7. Launch, watch, tighten
Feedback and usage analytics show where answers fail; fixes ship through the same governed loop.
Security and governance checklist
- ✓ Inference under zero-retention model contracts
- ✓ Customer code and content never used to train models
- ✓ Permission-aware retrieval scoped to the signed-in user
- ✓ Own-LLM options for regulated environments
- ✓ Conversation data stored in your own backend, under your retention rules
- ✓ Prompt and retrieval changes reviewed through Guardrails before merge
- ✓ QA replays covering refusal and permission-boundary cases
- ✓ Append-only audit trail across prompts, merges, deploys and admin actions
Assistant variations teams build
Customer support assistant
Answers from help docs and account context, deflects the routine half of the queue, escalates the rest with transcripts.
Internal policy assistant
Travel, expenses, IT and HR policy answers with citations to the source document — fewer pings to HR.
Sales enablement assistant
Answers security questionnaires and product questions from approved documentation, drafting responses reps verify.
Document intake assistant
Reads submitted documents, extracts structured fields and flags gaps for human review.
Onboarding assistant
Guides new hires or new customers through setup, answering from your own guides and checking progress.
Data Q&A assistant
Plain-language questions over defined datasets, answering with the query it ran shown alongside the result.
Assistant requirements, covered
| Requirement | How Ciao covers it |
|---|---|
| Model dependency risk | Multi-provider model ladder with fallback |
| Data protection | Zero-retention inference; content never used for training |
| Right answers for the right user | Permission-aware retrieval tied to your roles |
| Regulated environments | Own-LLM options; private VPC and on-prem deployment |
| Wrong-answer handling | Grounded citations, scoped topics, human escalation paths |
| Change control on prompts | Prompt and retrieval config versioned and reviewed via Guardrails |
| Quality after launch | Feedback capture and usage analytics built into the app |
Frequently asked questions
Which models do Ciao assistants use?
Ciao runs a multi-provider model ladder with fallback, which reduces dependency on any single model vendor. Enterprises can also bring their own models — see the own-LLM options for regulated setups.
Will our data be used to train models?
No. Customer code is not used to train models, and inference runs under zero-retention model contracts. Conversation history lives in your own backend under your retention rules.

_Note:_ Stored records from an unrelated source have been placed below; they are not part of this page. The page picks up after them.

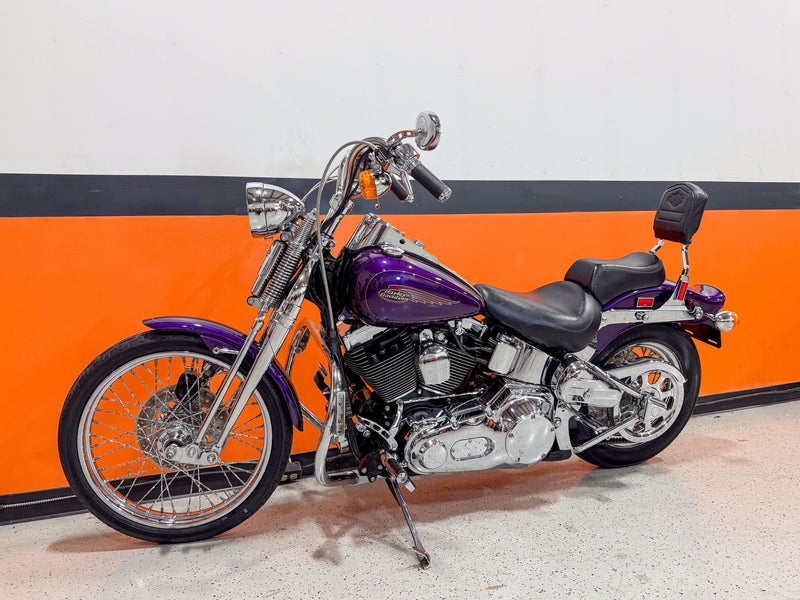 Harley-Davidson Motorcycle 2000 Harley-Davidson Softail Springer FXSTS Beautiful w/ Thousands in Extras! One Owner w/ Only 6K! $11,995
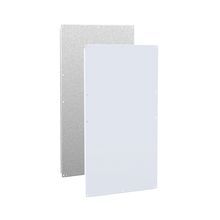 Hoffman A72PM78 PNLFS Enclosure Panel, 72 in W x 60 in H, 10 ga Steel, White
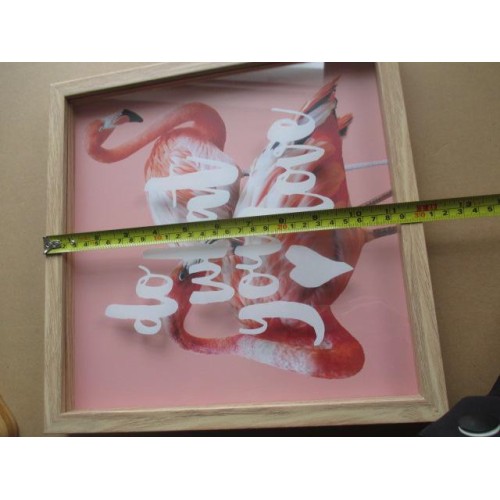 Pre Production Inspection wooden picture frame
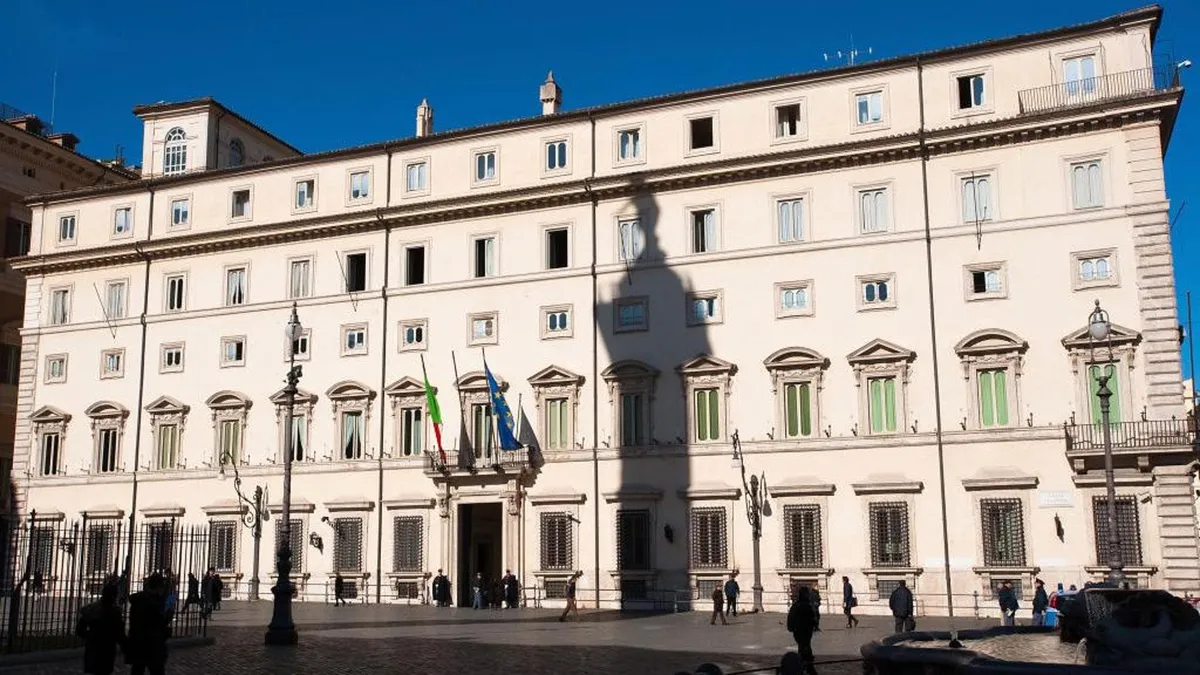 Palazzo Chigi cerca una banca per i suoi dipendenti. Una partita da 1 milione di euro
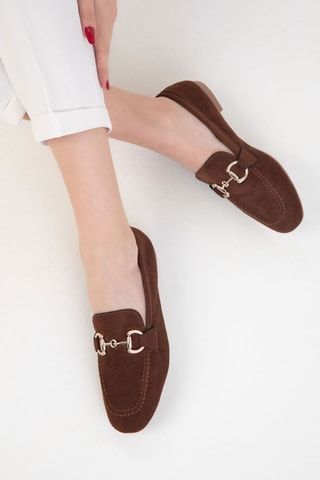 Mocassins - Marron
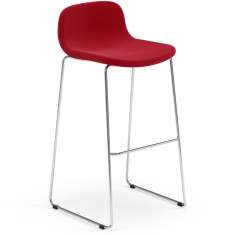 Barhocker rot Materia, Neo Barstuhl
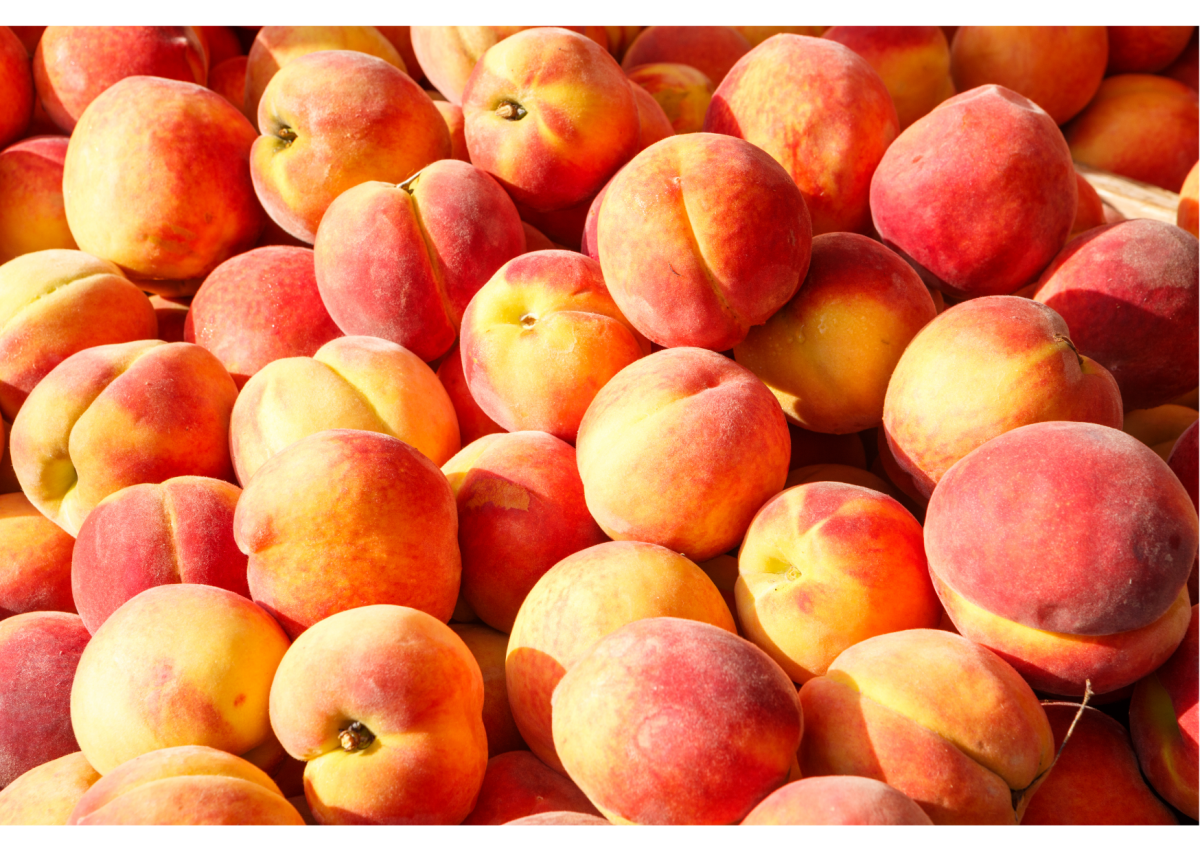 are peaches low fodmap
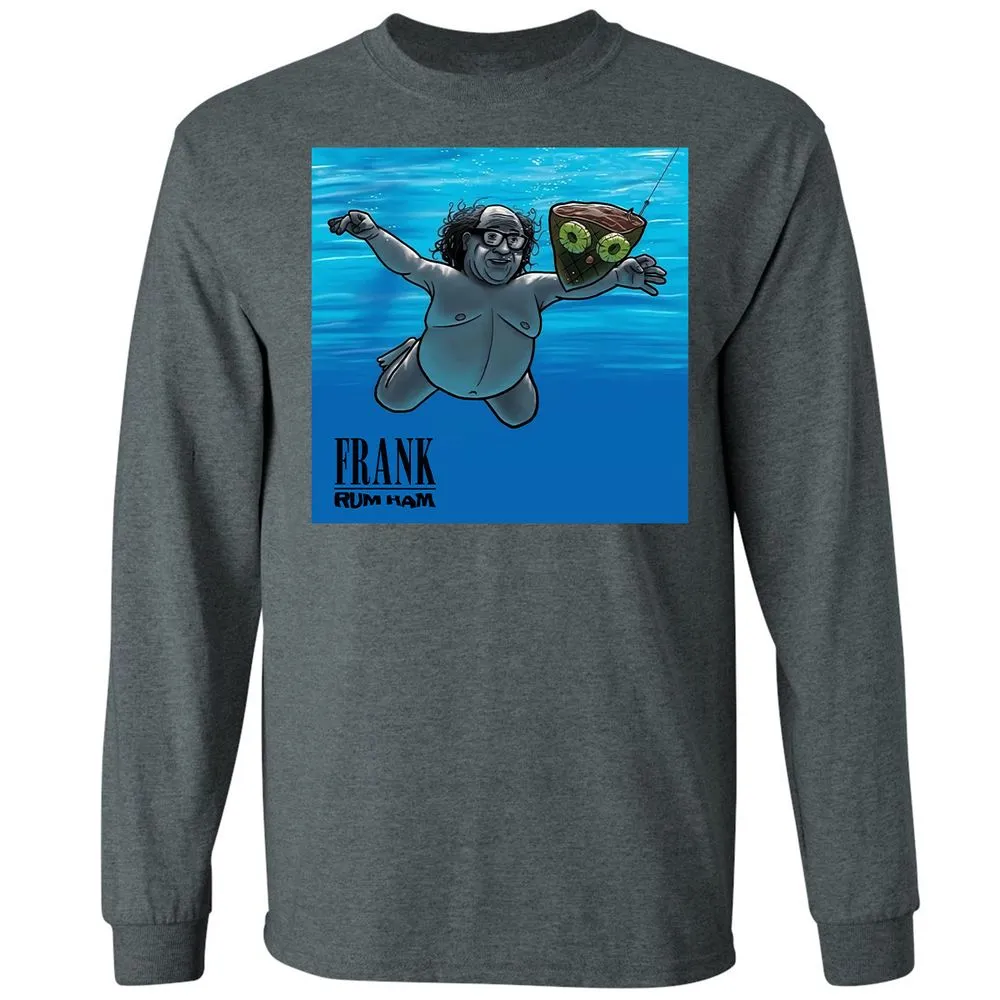 Long Sleeve T-Shirt - HRGF5JC3 - Dark Heather - 15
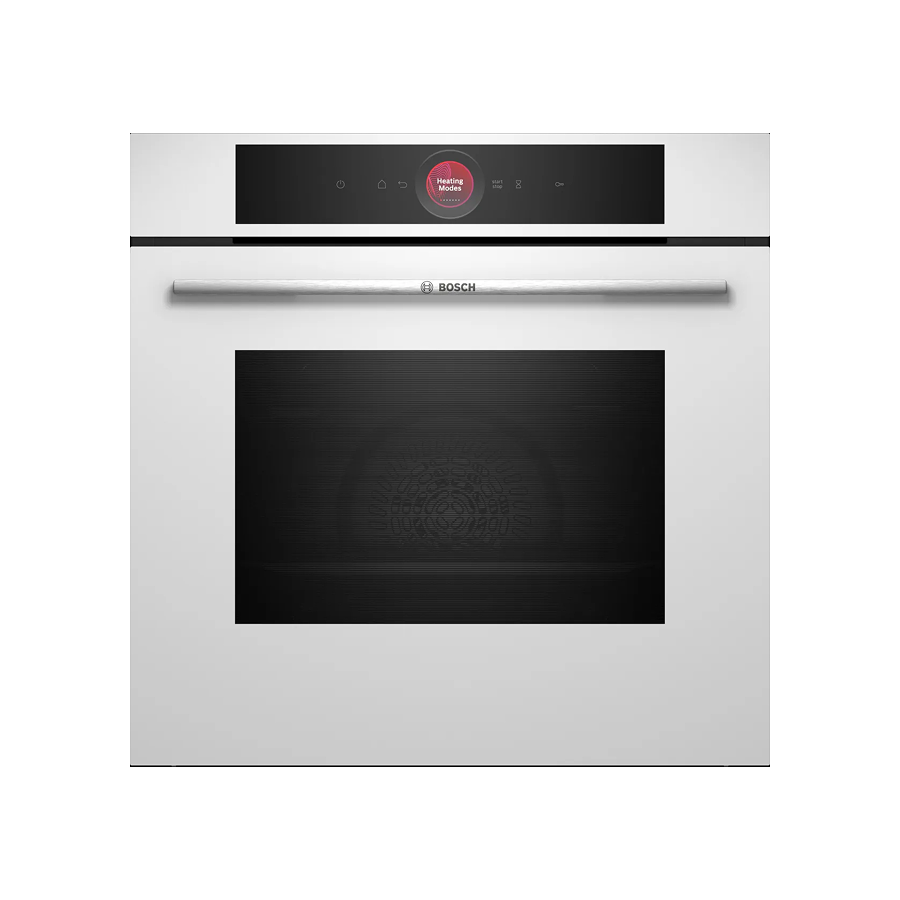 Bosch Serie 8 Ankastre Fırın – HBG7741W1 (Beyaz, 71 L)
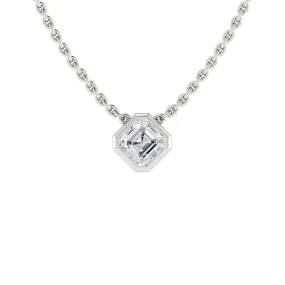 Brooklyn - Platinum - Asscher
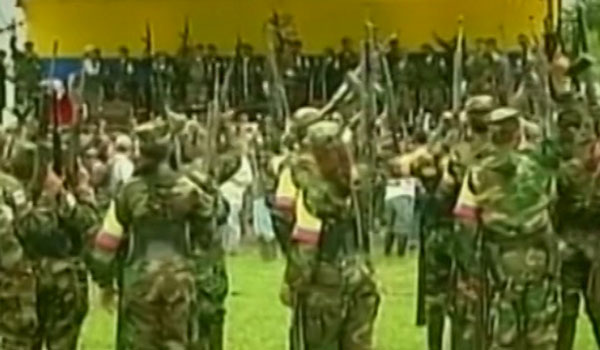 شورشیان فارک در کلمبیا آتش بس کامل اعلام کردند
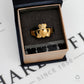 Pre-Owned 9ct Gold Claddagh Ring Size T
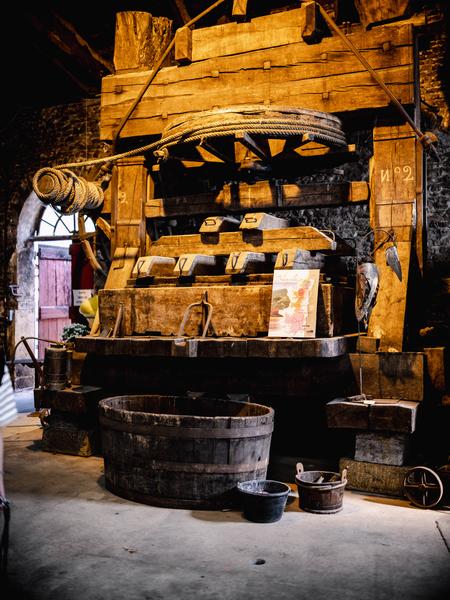 Le pressoir à écureuil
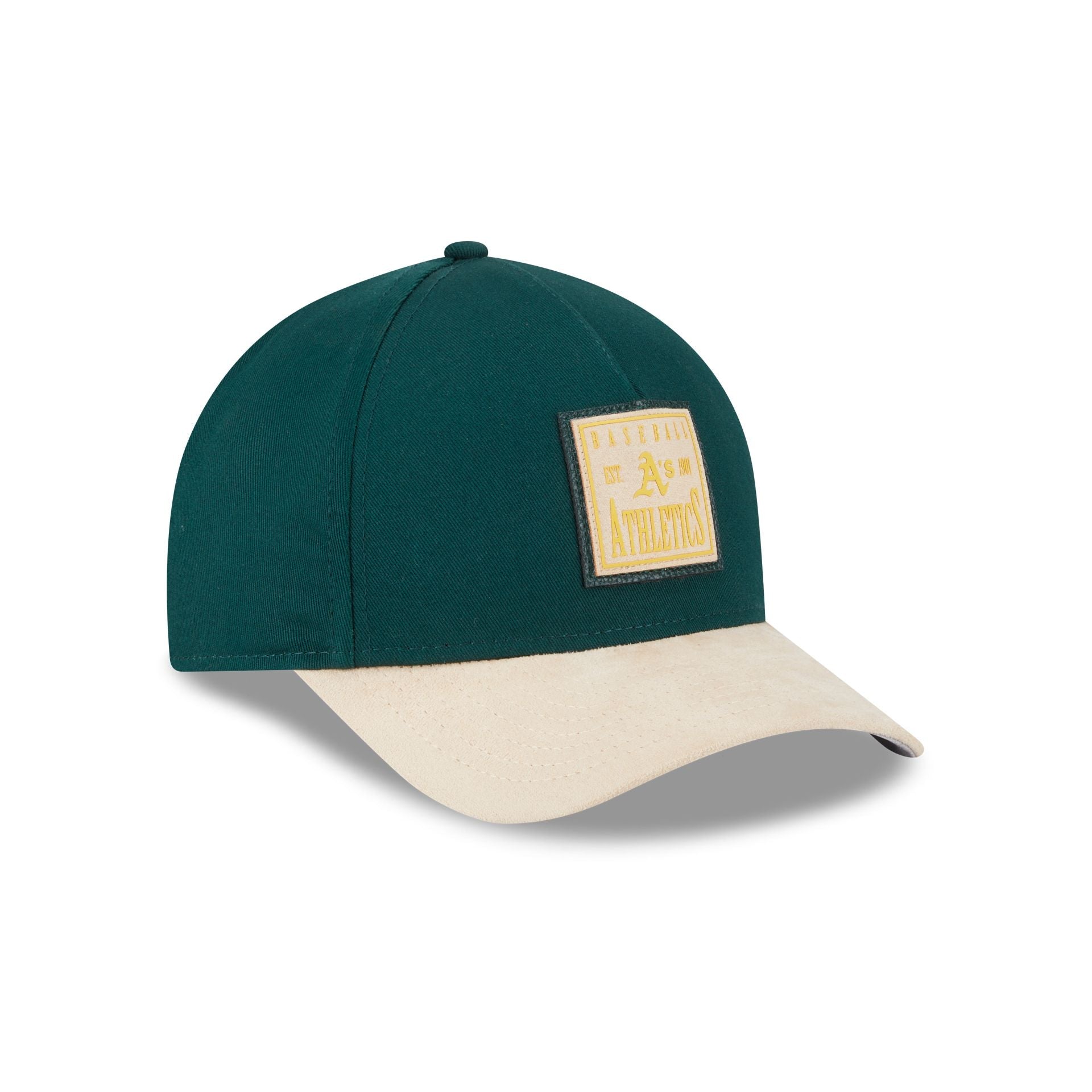 Athletics Suede Patch 9FORTY M-Crown A-Frame Adjustable Hat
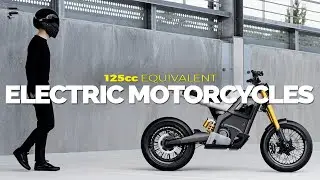 Top 5 Light Electric Motorcycles that Easily Match 125cc Engines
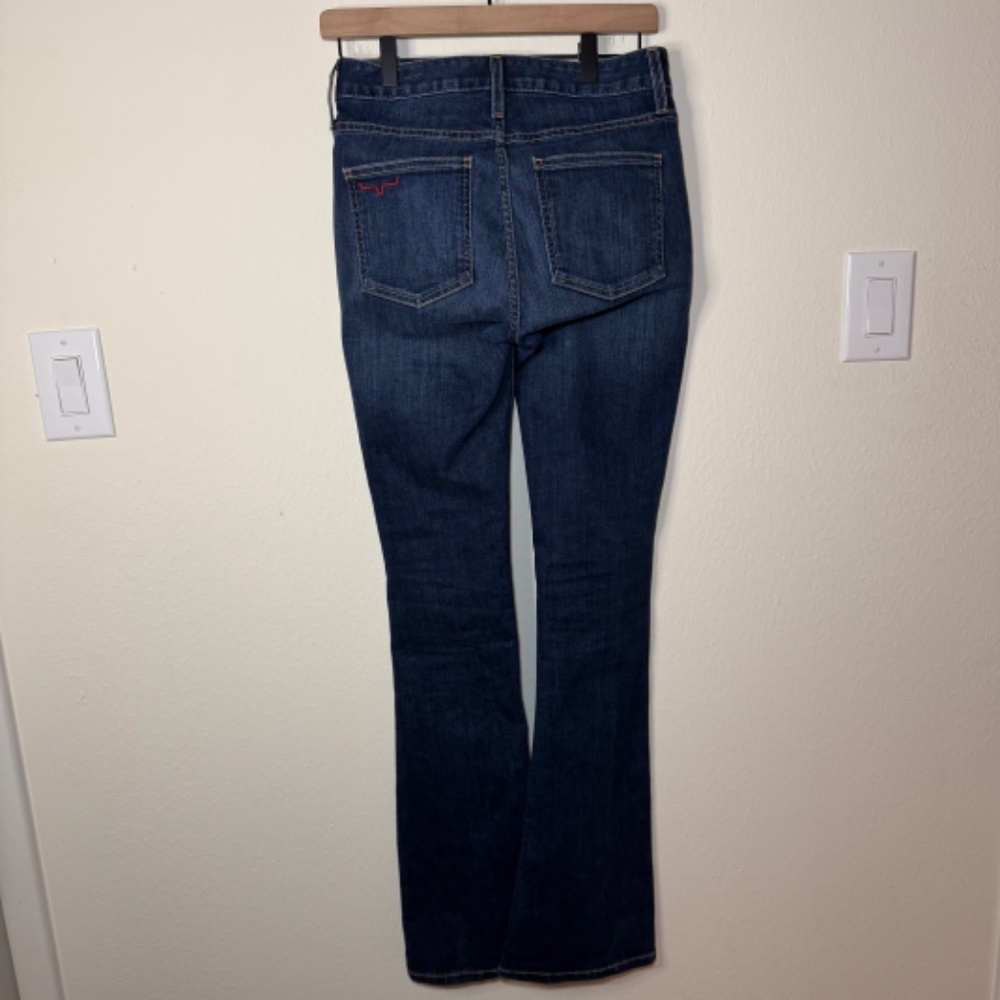 Kimes Ranch Dark Blue Bootcut Jeans - Picture 3 of 6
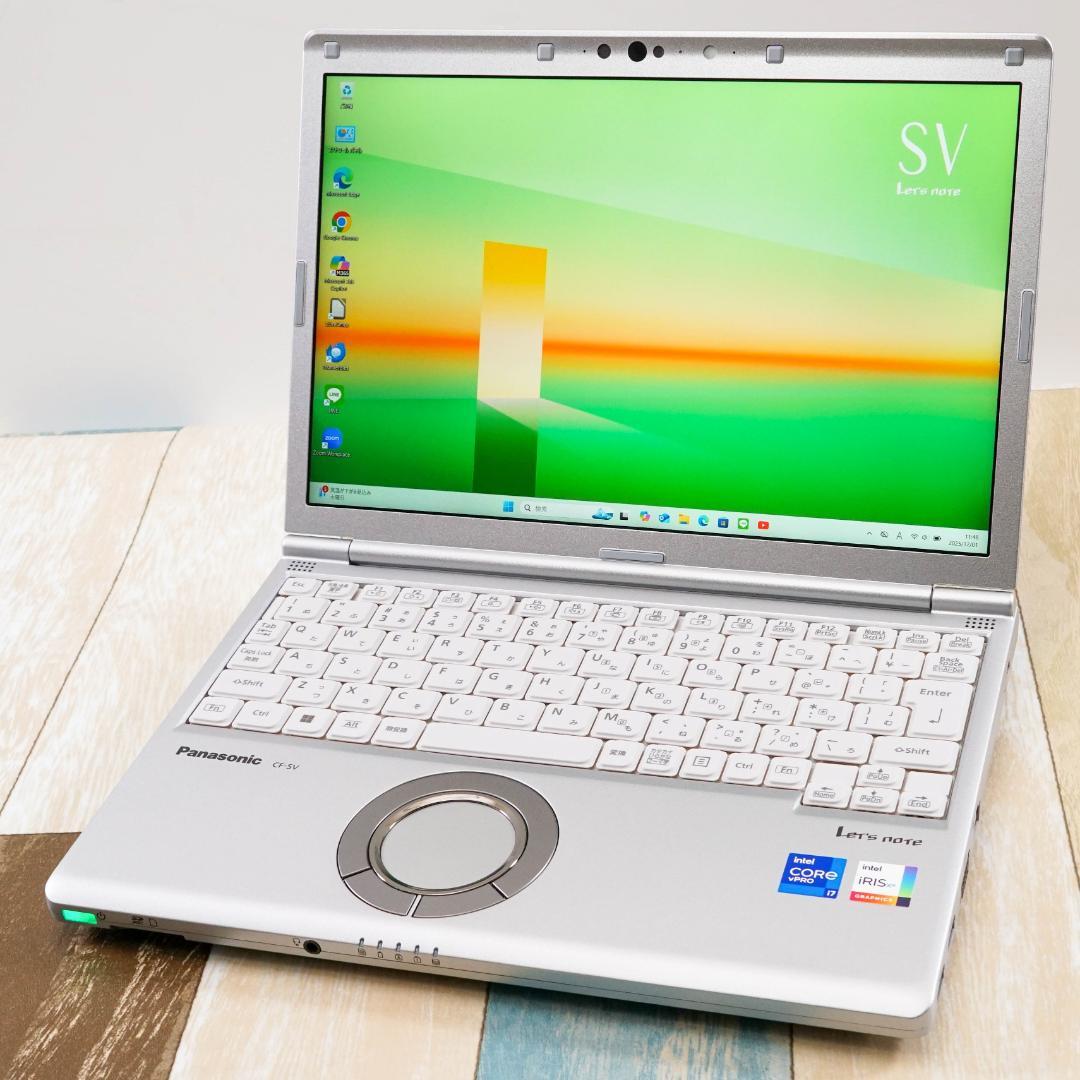 累積使用時間短い極美品✨１１世代コアｉ７に超高速ＳＳＤ５１２ＧＢ＆１６ＧＢメモリ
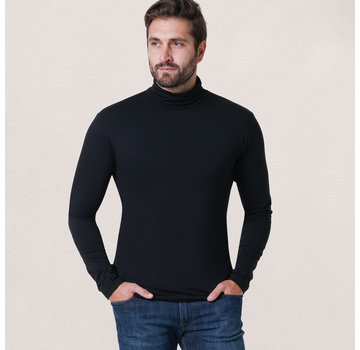 Alan Red Coltrui T-shirtstof 1-pack Black (7024 - 99)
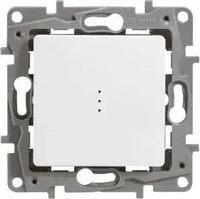 Legrand 664710, Legrand 664710 Wechselschalter beleuchtbar (SL), Zu best&uuml;cken mit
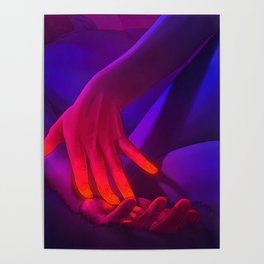 Intimate Touch Poster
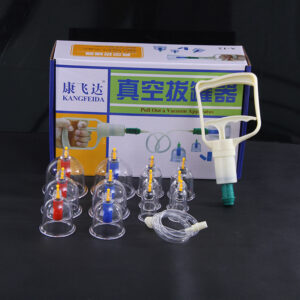 Vacuum Cupping Therapy Kit with Vacuum Pumping Gun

How do you deal with wrong answers?
By design, not promises: answers are grounded in your approved content with citations, the assistant's scope is limited to defined topics, refusal cases are tested in QA replays, and anything uncertain escalates to a human with the transcript attached. Feedback capture then shows you where answers fail so content and prompts improve.
Can the assistant respect our existing permissions?
Yes. Retrieval is scoped to what the signed-in user may see, using the same role model as the rest of the application, and access-control probes test those boundaries against the live app.
Can we embed the assistant in our existing product?
Yes. The assistant is standard React and TypeScript, embeddable in your product or portal, and custom sandbox images let the surrounding integration work happen against Rails, Java, Go, Python and Node backends.
What does a production assistant cost?
Prototype self-serve with credits. Customer-facing assistants with governance, escalation and analytics are production programs — those start at USD 10,000 per year, and sales can scope model usage costs with you.